Zhang Yong, Sun Feng-Ling, Zang Tong
Department of Urology, General Hospital of Beijing Military Region, PLA, Beijing 100700, China.
Zhonghua Nan Ke Xue. 2008 May;14(5):451-3.
To compare the effect of the combined therapy of medication with local hyperthermia with that of the simple local hyperthermia therapy in the treatment of pain symptoms of chronic prostatitis (CP).
Seventy-six CP patients aged 18-48 (mean 29.2 +/- 3.8) years, with the disease course of 3.5-180 (mean 8.0 +/- 1.2) months and NIH-CPSI pain score > or = 14, were equally randomized into a treatment group and a control. The former was treated by applying the CRS-2280E extraorgan short-wave capacitance field hyperthermia system to the prostate once an hour every other day for 7 times, combined with anal administration of 1 Qianliean suppository and oral doxazosin 4 mg before bedtime every night for 2 weeks, while the latter underwent simple local hyperthermia. All the patients were scored on NIH-CPSI and the therapeutic results were compared between the two groups.

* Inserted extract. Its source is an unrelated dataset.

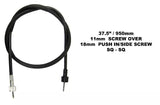 Speedo Cable Yamaha DT100 DT 100 (1974-1983)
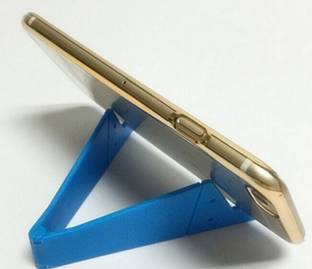 CASVO Universal Multipurpose Creative Simple Design Foldable V-Shaped Mobile Tablet Smartphone Pocket Size Stand Holder Mobile Holder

The pre- and post-treatment NIH-CPSI scores were (23.9 +/- 3.8) and (5.2 +/- 3.1) (P < 0.01) in the treatment goup and (24.5 +/- 4.3) and (11.6 +/- 3.4) (P < 0.01) in the control; the pre- and post-treatment scores on NIH-CPSI pain symptoms were (16.5 +/- 1.9) and (3.1 +/- 2.2) (P < 0.01) in the former and (15.9 +/- 1.7) and (8.2 +/- 2.0) (P < 0.01) in the latter. The total score on NIH-CPSI and that on NIH-CPSI pain symptoms were both significantly higher in the treatment group than in the control (P < 0.01). Within the treatment group, the score on NIH-CPSI pain symptoms was even more significantly improved in patients with the first attacks than in those already treated by other means (P < 0.01). No adverse effects were observed in either of the groups.
Both the combined therapy of medication with local hyperthermia and simple local hyperthermia are effective, safe and tolerable in the treatment of CP pain symptoms, and the former is even more desirable, particularly for those with the first attacks of the symptoms.
比较药物联合局部热疗与单纯局部热疗治疗慢性前列腺炎(CP)疼痛症状的效果。
将76例年龄在18 - 48岁(平均29.2±3.8岁)、病程3.5 - 180个月(平均8.0±1.2个月)且美国国立卫生研究院慢性前列腺炎症状指数(NIH - CPSI)疼痛评分≥14分的CP患者,随机分为治疗组和对照组,每组各38例。治疗组采用CRS - 2280E型体外短波电容场热疗系统对前列腺进行治疗,隔日1次,每次1小时,共7次,同时联合每晚睡前肛门塞入1粒前列安栓及口服多沙唑嗪4 mg,疗程2周;对照组仅采用单纯局部热疗。对所有患者进行NIH - CPSI评分,并比较两组的治疗效果。
治疗组治疗前、后NIH - CPSI评分分别为(23.9±3.8)分和(5.2±3.1)分(P < 0.01);对照组治疗前、后NIH - CPSI评分分别为(24.5±4.3)分和(11.6±3.4)分(P < 0.01)。治疗组治疗前、后NIH - CPSI疼痛症状评分分别为(16.5±1.9)分和(3.1±2.2)分(P < 0.01);对照组治疗前、后NIH - CPSI疼痛症状评分分别为(15.9±1.7)分和(8.2±2.0)分(P < 0.01)。治疗组NIH - CPSI总分及疼痛症状评分均显著高于对照组(P < 0.01)。在治疗组中,初发患者NIH - CPSI疼痛症状评分改善程度显著优于曾接受过其他治疗的患者(P < 0.01)。两组均未观察到不良反应。
药物联合局部热疗与单纯局部热疗治疗CP疼痛症状均有效、安全且耐受性良好,前者效果更佳,尤其对于症状初发患者。